• **About this exercise**: The response should consist of every line below, unchanged.

• **The data**:
----

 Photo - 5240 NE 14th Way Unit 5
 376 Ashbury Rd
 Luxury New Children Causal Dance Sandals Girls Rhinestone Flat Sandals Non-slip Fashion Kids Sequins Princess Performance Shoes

----

• **Solution**:
 Photo - 5240 NE 14th Way Unit 5
 376 Ashbury Rd
 Luxury New Children Causal Dance Sandals Girls Rhinestone Flat Sandals Non-slip Fashion Kids Sequins Princess Performance Shoes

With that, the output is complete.